* _Exercise details_: Extract verbatim every line from the one containing "Black portable USB" to the final line of the records below, inclusive, and exclude all pictures.

/---

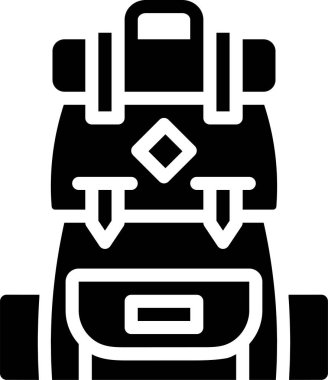 sırt çantası simgesi, vektör illüstrasyonu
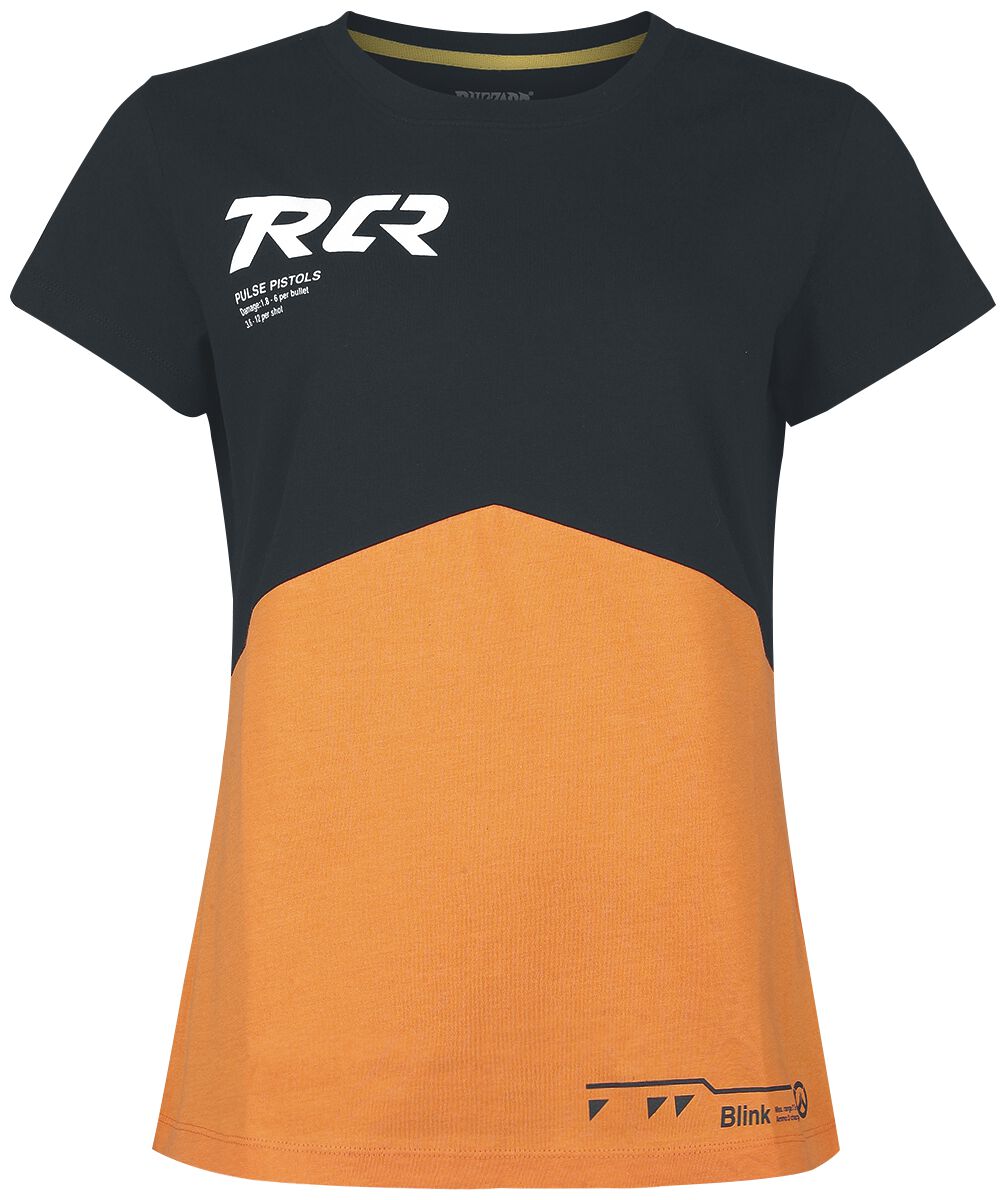 Overwatch - Gaming T-Shirt - Tracer - S bis XXL - für Damen - Größe XL - schwarz/orange  - EMP exklusives Merchandise!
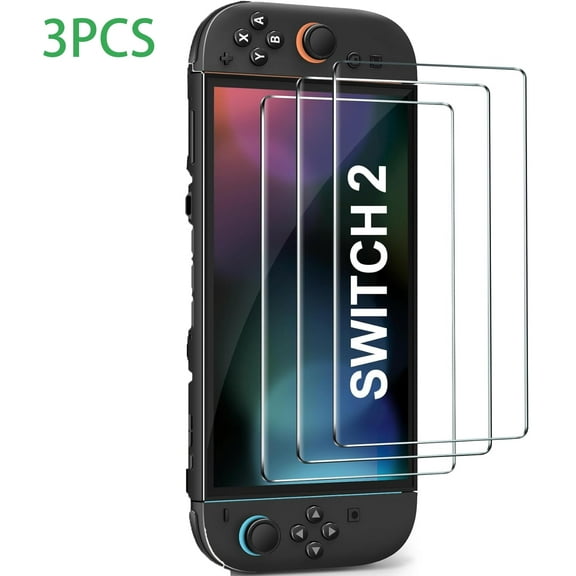 3PCS Screen Protector Tempered Glass Fit for Nintendo Switch 2 Model 2025, Transparent HD Clear Anti-Scratch Screen Protector Accessories for Nintendo Switch 2, (7.9 inch)
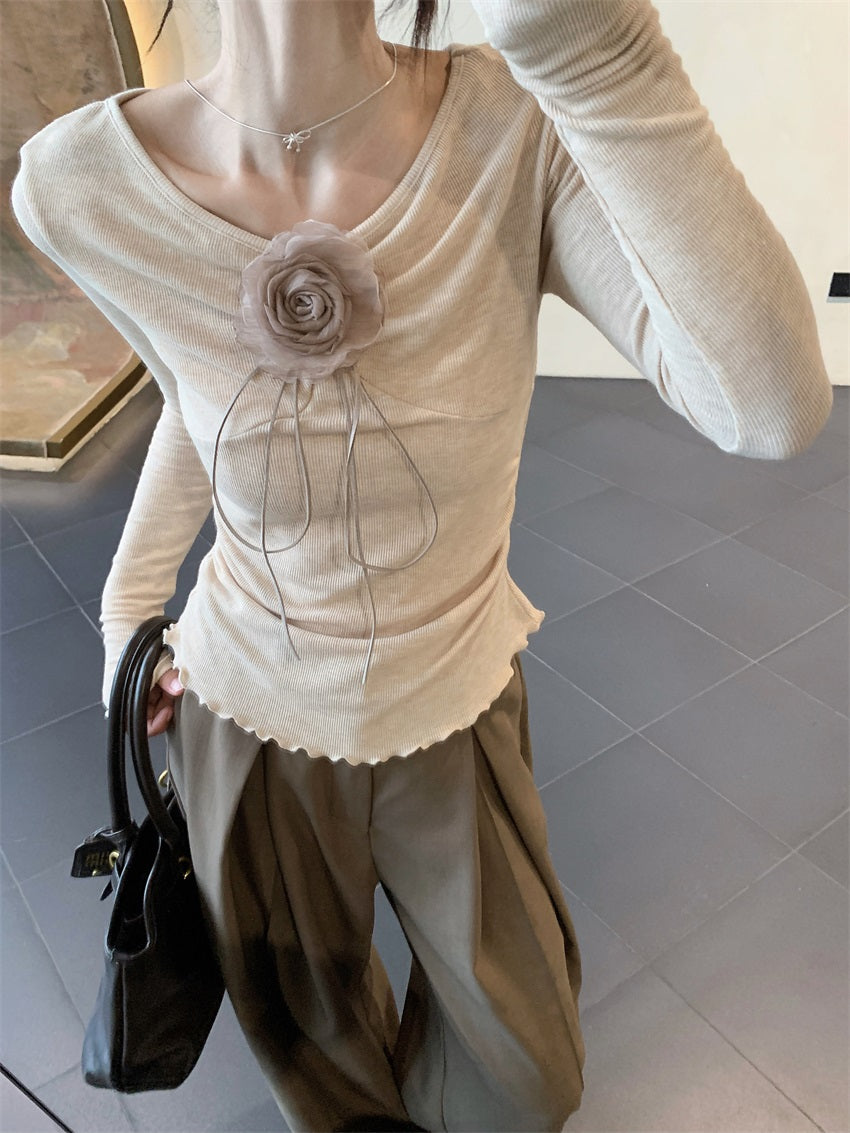 【tops】Vネック長袖ニットTシャツG23805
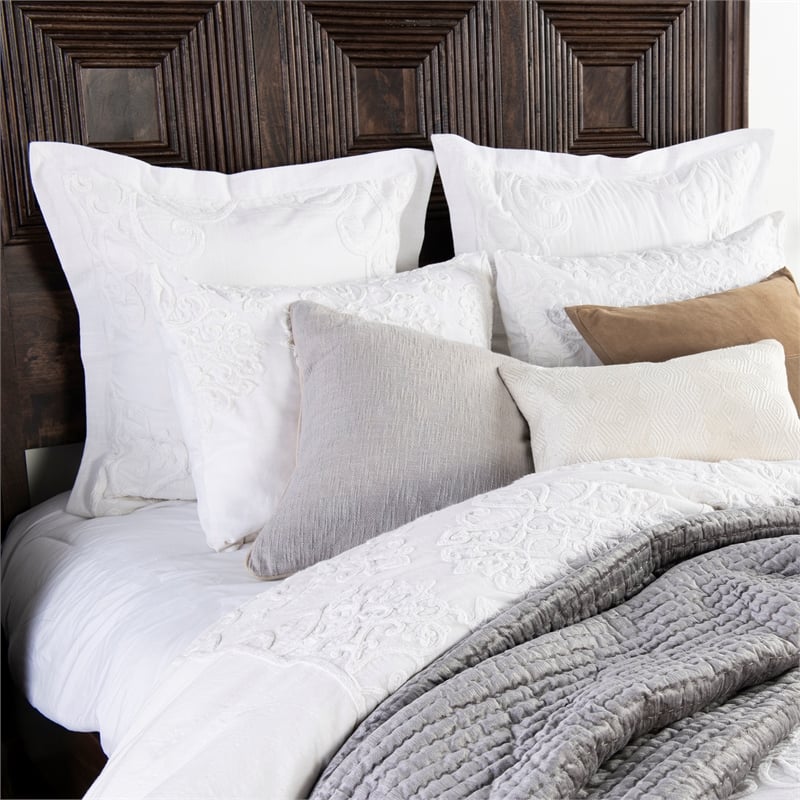 Pemberly Row Modern Transitional Cotton White Finish Euro Sham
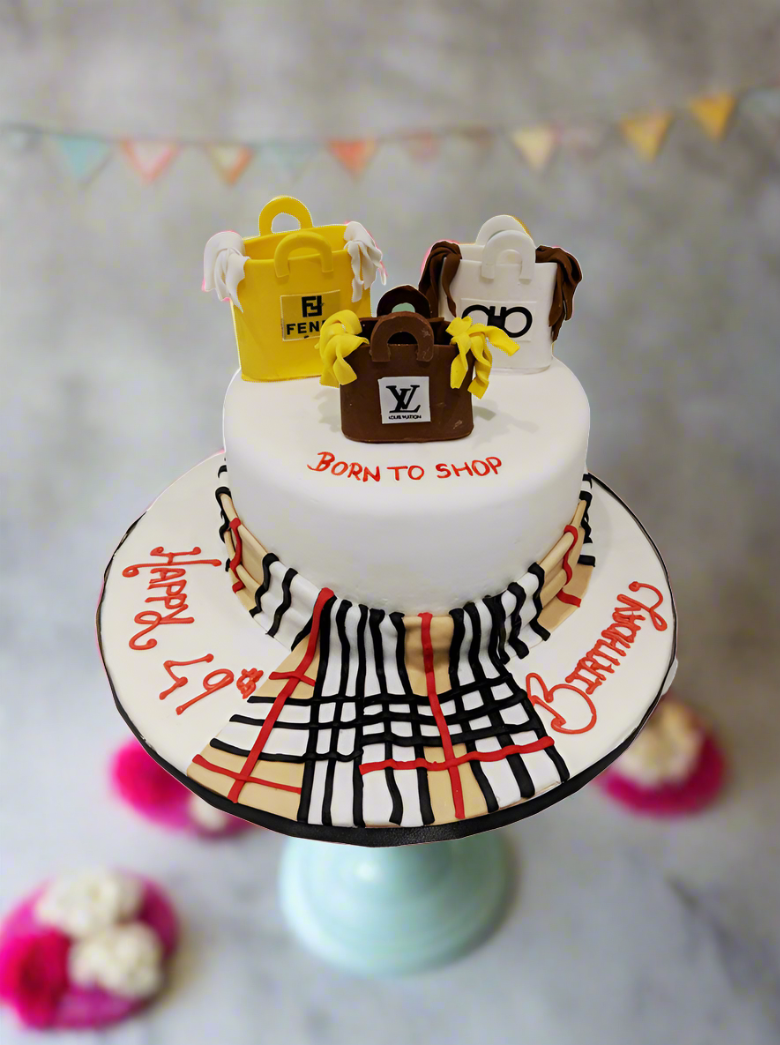 Shopping Bag Fondant Cake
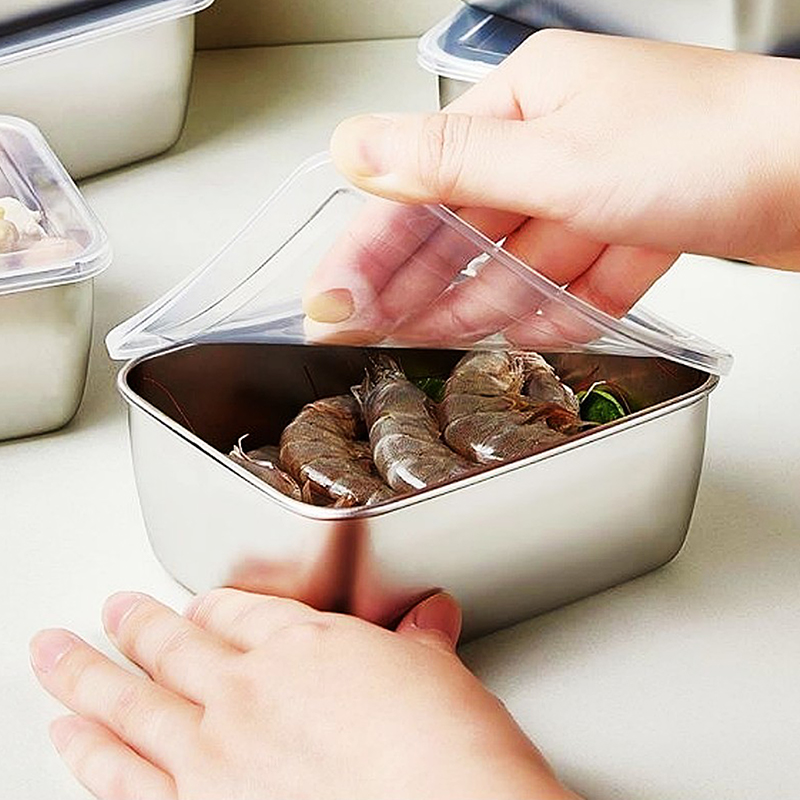 Food Storage And Preparation - 1PC Edelstahl Kühlschrank Lebensmittel Lagerung Box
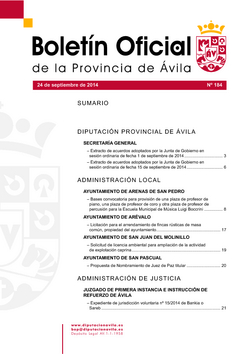 Boletín Oficial de la Provincia del lunes, 5 de enero de 2015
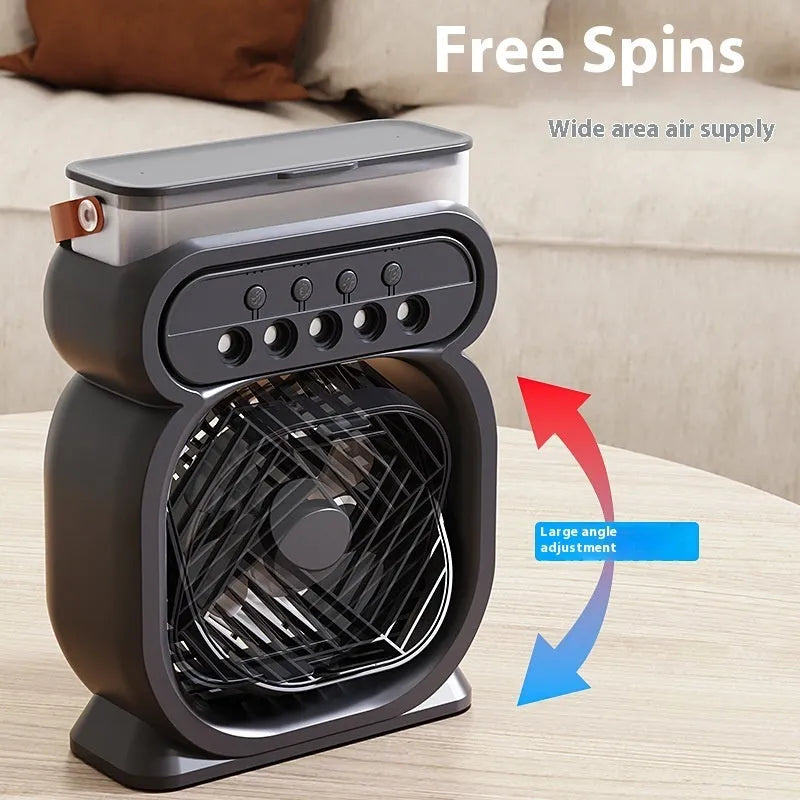 Black portable USB air cooler fan with water reservoir, 7-colour LED lights, and control buttons on a desk.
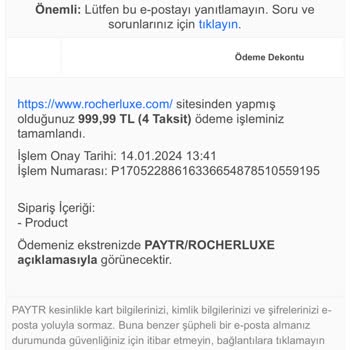 Rocherluxe Ücret İadesini Yapmıyor.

\---

* _Expected answer_:
 Black portable USB air cooler fan with water reservoir, 7-colour LED lights, and control buttons on a desk.
 Rocherluxe Ücret İadesini Yapmıyor.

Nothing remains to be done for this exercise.